Une polarisation grandissante aux États-Unis

Hugo Barthelet
La REVUE du CAIUM
Published in
7 min readOct 20, 2022
L’avortement, un des nerfs de la guerre. Crédit: Medium

L e 24 juin dernier, la Cour suprême des États-Unis révoquait la jurisprudence Roe v. Wade, mettant fin à cinquante ans de protection du droit à l’avortement au niveau fédéral. Cette décision controversée mettait alors en évidence la division[1] qui existe toujours aux États-Unis au sujet de l’avortement, en débat depuis les années soixante[2]. Cet évènement est symptomatique de la culture war, ou guerre culturelle, qui fracture le pays. Cette formulation de James D. Hunter[3] est justement héritée de son analyse des mouvements sociaux des années soixante et soixante-dix aux États-Unis, ceux-là même qui ont vu l’émission de l’arrêt Roe v. Wade. Elle désigne la polarisation de la société américaine entre progressistes et orthodoxes. Ces camps sont caractérisés par leurs visions dogmatiques et opposées des normes morales et culturelles, qu’ils essayent d’imposer au détriment de celles de l’autre.

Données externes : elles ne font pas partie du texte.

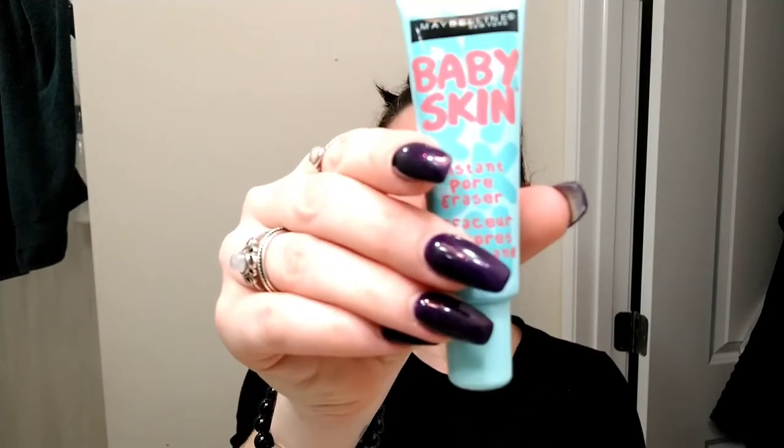What up Luna Moon fam, it's your girl Meg. Today I will be recording a makeup tutorial. As you can see, I have no makeup on — plain Jane. Gotta pull the hair up.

Cette fracture sociétale sous-jacente depuis cinquante ans s’est rouverte en grand depuis la présidence Trump, vecteur de division. À l’issue de son mandat, le fossé idéologique entre partisans républicains et démocrates s’était creusé à un niveau qui n’avait pas été atteint au cours des trois dernières décennies[4]. Aujourd’hui, 80% des Républicains pensent que le pays de l’Oncle Sam court le danger de perdre sa culture et son identité[5]. Dans ce contexte, des méthodes toujours plus extrêmes sont utilisées par les partisans de chaque bord, aggravant la situation au risque de compromettre l’unité de la Fédération. Plus alarmant encore, ces méthodes sont employées par les institutions et les décideurs politiques eux-mêmes.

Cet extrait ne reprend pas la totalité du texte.